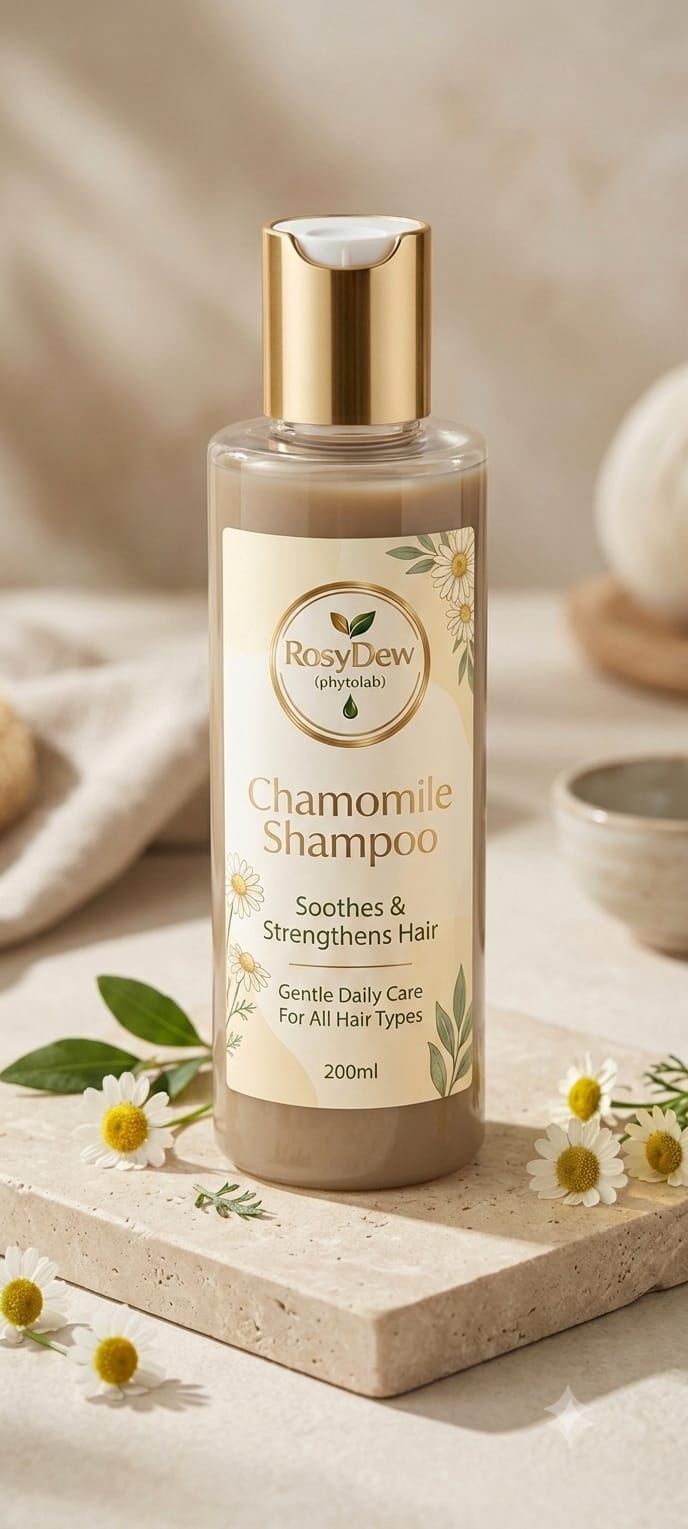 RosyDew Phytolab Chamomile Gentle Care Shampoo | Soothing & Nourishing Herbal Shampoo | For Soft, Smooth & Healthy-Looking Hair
-.-.-
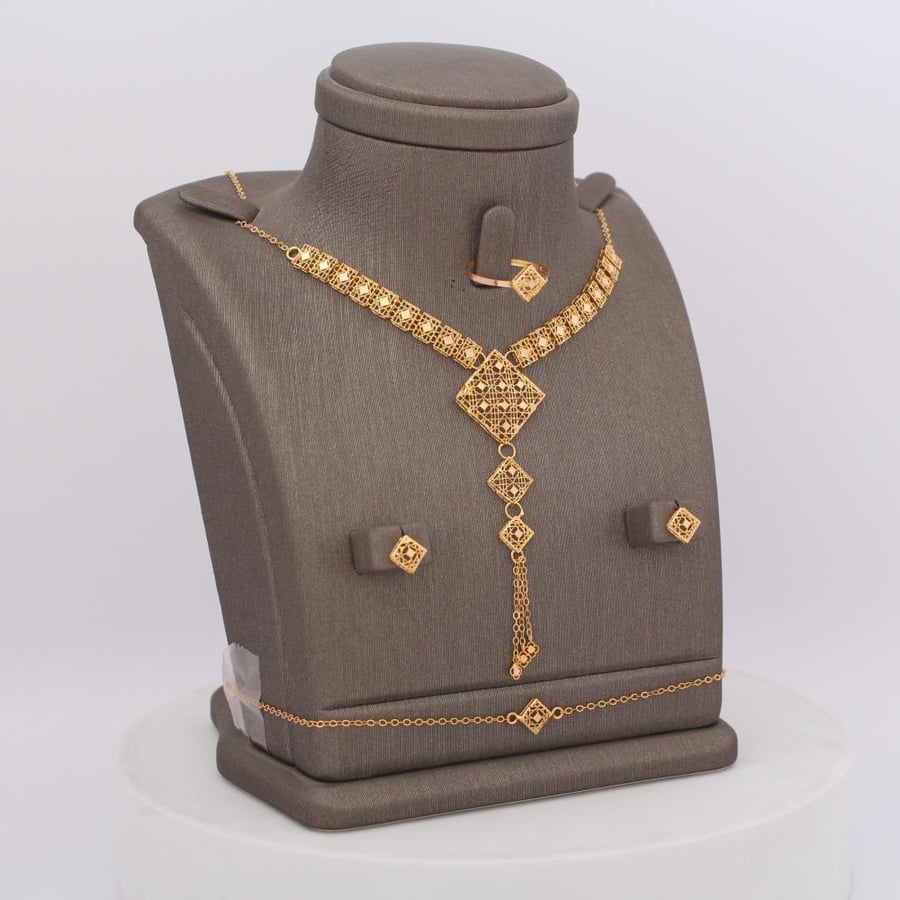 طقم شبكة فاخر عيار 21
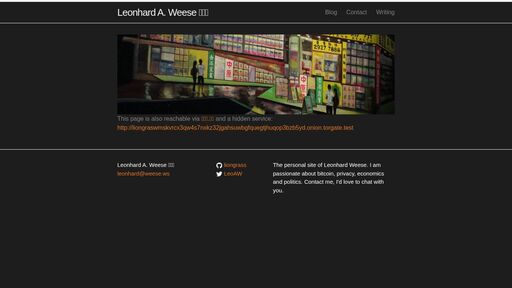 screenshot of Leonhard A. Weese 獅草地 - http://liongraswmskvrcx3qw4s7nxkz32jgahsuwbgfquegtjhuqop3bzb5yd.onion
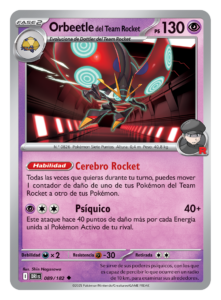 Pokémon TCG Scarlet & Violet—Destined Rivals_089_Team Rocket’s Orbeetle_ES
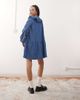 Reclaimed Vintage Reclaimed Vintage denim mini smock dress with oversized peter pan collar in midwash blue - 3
-.-.-
WORK REQUEST: Using the data above, return the lines from the one holding "طقم شبكة فاخر عيار 21" through the one holding "Reclaimed Vintage Reclaimed" exactly, but not the pictures.

ANSWER SECTION:
 طقم شبكة فاخر عيار 21
 screenshot of Leonhard A. Weese 獅草地 - http://liongraswmskvrcx3qw4s7nxkz32jgahsuwbgfquegtjhuqop3bzb5yd.onion
 Pokémon TCG Scarlet & Violet—Destined Rivals_089_Team Rocket’s Orbeetle_ES
 Reclaimed Vintage Reclaimed Vintage denim mini smock dress with oversized peter pan collar in midwash blue - 3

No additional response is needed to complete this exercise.